- Theatrical poster
- Directed by: Chang Cheh Wu Ma (Joint Director)
- Produced by: Sir Run Run Shaw
- Starring: David Chiang Ti Lung Alexander Fu Sheng Chi Kuan Chun Wang Lung Wei Kuo Chui
- Music by: Chen Yung-Yu
- Distributed by: Shaw Brothers Studio
- Release date: 22 December 1976;
- Running time: 116 minutes
- Country: Hong Kong
- Languages: Cantonese Mandarin

= Shaolin Temple (1976 film) =

1976 Hong Kong film by Chang Cheh

Shaolin Temple, a.k.a. Death Chamber, is a Shaw Brothers film directed by Chang Cheh. It is one of the Shaolin Temple themed martial arts films and concerns their rebellion against the Qings, with an all-star cast featuring the second and third generations of Chang Cheh's stable of actors including David Chiang, Ti Lung, Alexander Fu Sheng and Chi Kuan Chun, as well as cameo appearances by several of the actors that would later become collectively known as the Venoms mob. The film serves as a pseudo-prequel to Five Shaolin Masters.

==Plot==
The film opens with the chief Shaolin Monks realizing that time is not on their side and they must train more fighters to fight the Qings. The monk Hai Hsien opposes this as he is secretly working for the court. Outside many men are sitting in front of the temple waiting to be accepted in, Fang Shih Yu, Ma Chao-hsing and others, as the temple tests the will of potential students by making them wait outside for days, eventually the two are accepted in for "training". Fang Shih Yu becomes frustrated immediately as Shaolin methods of teaching martial arts are rather obscure, although Ma Chao-hsing begins learning the five animal styles from the start.

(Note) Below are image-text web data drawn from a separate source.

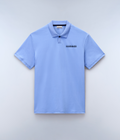 Egeas Jersey Short Sleeve Polo Shirt Blue Flower - 1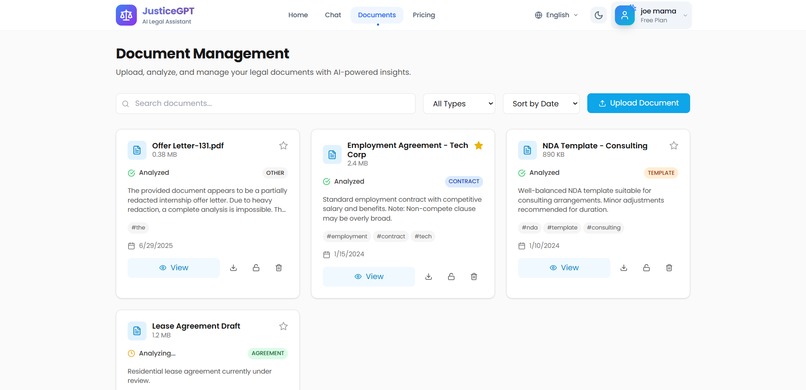 JusticeGPT – screenshot 5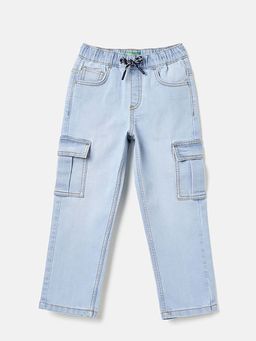 United Colors of Benetton - Regular Fit Solid Mid Rise Jeans Blue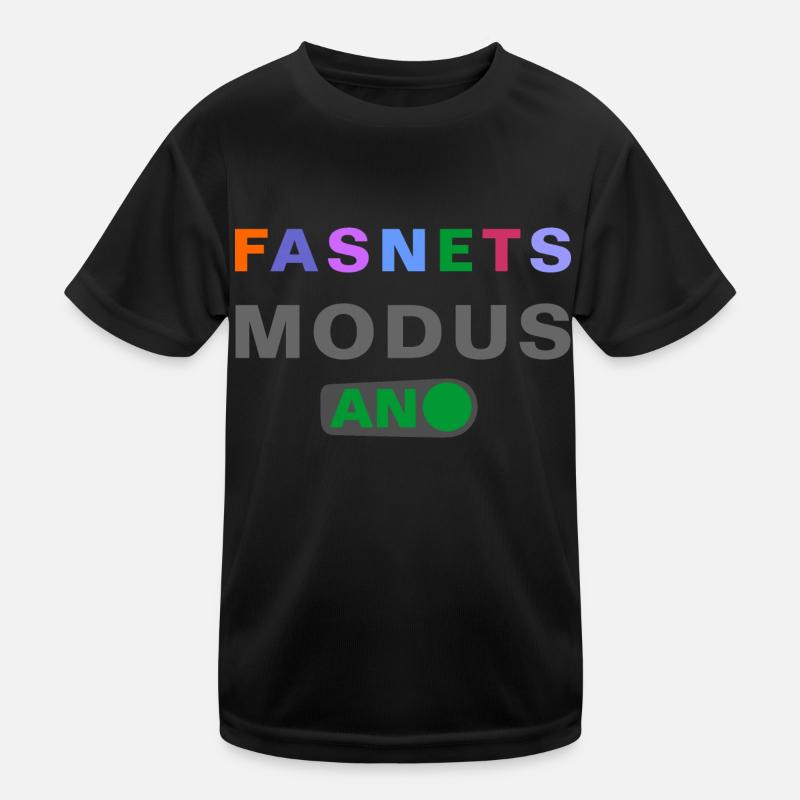 FASNETSMODUS - Kinder Funktions-T-Shirt - Schwarz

Elsewhere, escaped Ming soldiers Tsai Te-cheng, Hu Te-ti, Yen Yung-chun, and Ma Fu Yi arrive close to Shaolin looking for a place to hide from the Qing. Hu Te-ti suggests they go to Shaolin and they are instantly accepted, which frustrates three more students trying to get acceptance into the temple, Lin Kwong Yao, Huang Sung Han, and Hu Hui Chien. The three are eventually accepted and begin their obscure training. Tsai Te-cheng learns the wing chun style from a strange female monk and Hu Te-ti learns the iron whip. This forces Hai Hsein to secretly go to the court and report to Prince Hoo that Shaolin has been training new fighters.

The Qing scheme to destroy Shaolin. Hai Hsein returns to Shaolin looking to recruit more traitors to set up the temple for a raid. All the accepted students become close friends and proficient in their kung fu, except for Fang Shih Yu (who is unknowingly learning tiger boxing but is impatient). He keeps getting into fights with Ma Fu Yi, who is disgruntled with being at Shaolin. A mysterious figure at night begins teaching Fang Shih Yu the tiger-crane style and he defeats Ma Fu Yi in a friendly spar. This sparks the curiosity of Hai Hsein as he takes Ma Fu Yi under his wing and recruits him as a traitor. Things begin to go sour at the temple due to the treachery of Hai Hsein and Ma Fu Yi and it is eventually attacked by thousands of Qing soldiers, and an all-out battle occurs at Shaolin Temple with only eight Shaolin devotees escaping the ensuing massacre.

==Cast==
- David Chiang – Hu Te-Ti
- Ti Lung – Tsai Te-Cheng
- Yueh Hua – Li Se Kai
- Wang Chung – Fang Ta Hung
- Tony Liu – Ma Chao-Hsing
- Wang Lung Wei – Ma Fu Yi
- Alexander Fu Sheng – Fang Shih-Yu (Fong Sai-yuk)
- Kuan Chun Chi – Hu Hui Chien
- Frankie Wei Hung – Hung Hsi-Kuan
- Kuo Chui – Lin Kwong-Yao
- Lee Yi-Min – Huang Sung Han
- Tang Yen-Tsan – Chu Tao
- Shan Mao – Shaolin monk Hai Hsein
- Chiang Sheng – Shaolin monk Man Yue
- Shih Szu – Yen Yung-Chun
- Ku Feng – King Man Kuei
- Lu Feng – General Hu Pei-Chi
- Tsai Hung – General Ching
- Wong Ching – General Shin
- Lo Mang – Junior monk
- Wei Pai – Junior monk (slain by Manchu archers)

==Production==
Shaolin Temple was the first film made by director Chang Cheh about the destruction of the Henan monastery without the action choreographer Lau Kar-leung.

==Release==
Shaolin Temple was released on 22 December 1976 in Hong Kong. On the film's release in the United States, it was titled Death Chamber.

==Reception==
Donald Guarisco of AllMovie gave a positive review of the film and called it "a solid, surprisingly thoughtful example of the kung fu genre that is worth the time for the genre's fans."